Has Golf Instruction Gotten Too Complicated?

It’s no secret that technology has greatly advanced in all aspects of golf—clubs, balls, agronomy and even shoes and apparel. It’s not surprising that golf instruction has also advanced in technology, and the website on which you’re reading this blog is an example of that. High speed video, sophisticated software models of swings, launch monitors, simulators, mobile apps and gadgets have all be used regularly by golf instructors. But how does this high-tech stuff help the average golfer who’s struggling to break 100?

There’s certainly a novelty factor with all of this technology, and a lot of marketing is involved as well. People always want to try something new to see if that unlocks the “secret” to their inner Tour pro. But I’m concerned that a lot of it goes over the head of the player who’s just trying to make solid contact. Do you know the feeling you get when you’re at a seminar or conference, or listening to a lecture and you don’t understand what’s being discussed, or you arrived half way into it? Your mind wanders and you “zone out”. I’ve seen it happen while giving golf lessons, when I’ve lost the student. I’m afraid some of the complicated new technology may encourage this, rather than solve it.

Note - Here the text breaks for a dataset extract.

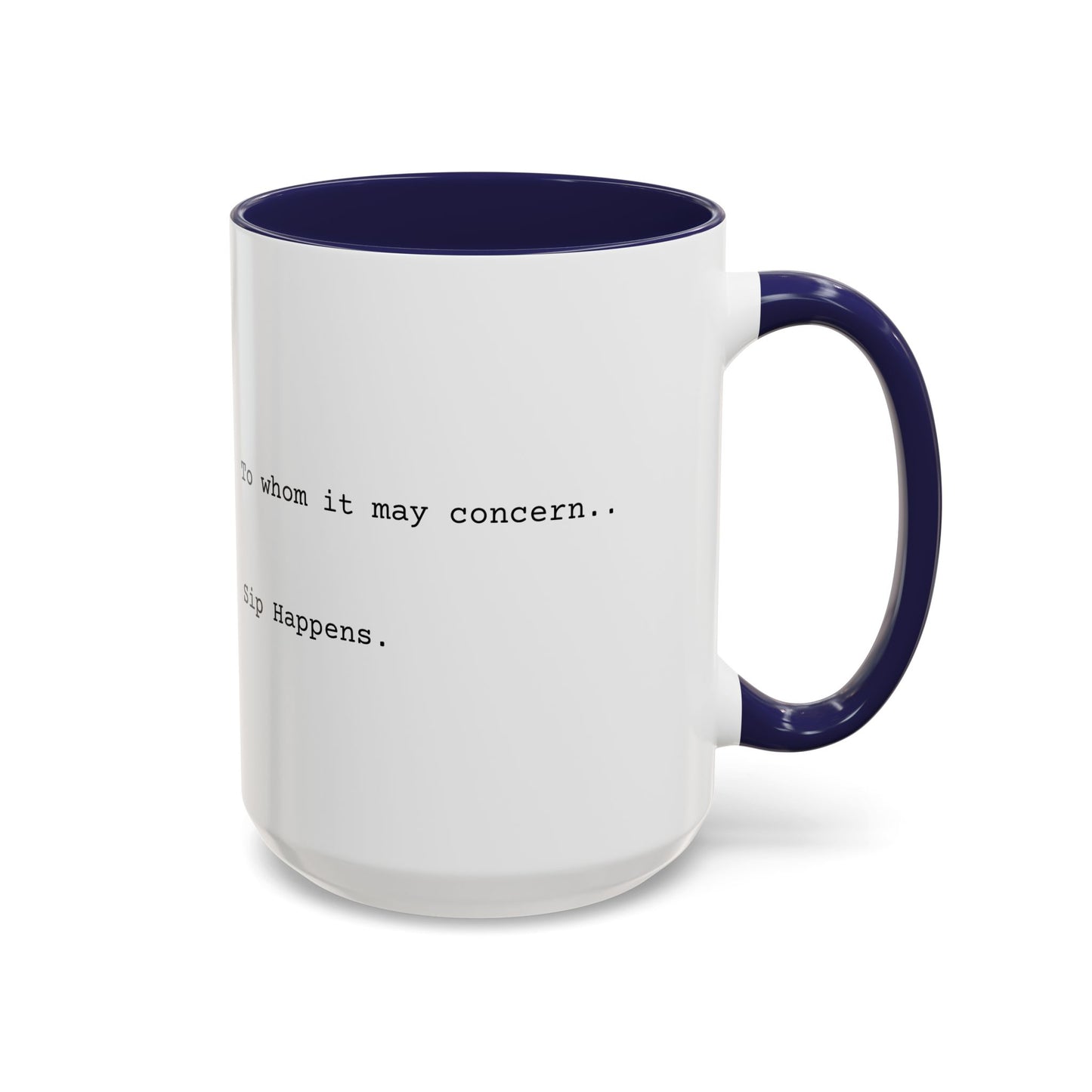 “Sip Happens” Coffee Mug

It’s my contention that, in the right hands and presented properly, this technology can be of great benefit to average golf students. But the problem is that it’s often not in the right hands, and when this happens it can create too much and conflicting information. Too many times a student learns what they’re doing wrong, but not how to fix it. It’s great to know that your ball speed is too low, or that your spin rate is too high, or that X angle or Y angle is not ideal, but what do you do about it?

I do feel that the technological advances in golf instruction can help the average golfer by reducing the cost of golf lessons, allowing for remote connections between the student and instructor, and by giving the instructor additional information that’s not available to the naked eye. But instructors and students have to maintain their focus on the fundamental building blocks of the golf swing and use these additional resources to help improve their fundamentals, and not over-complicate the game. Golf itself is hard enough as it is, let’s not make it more so.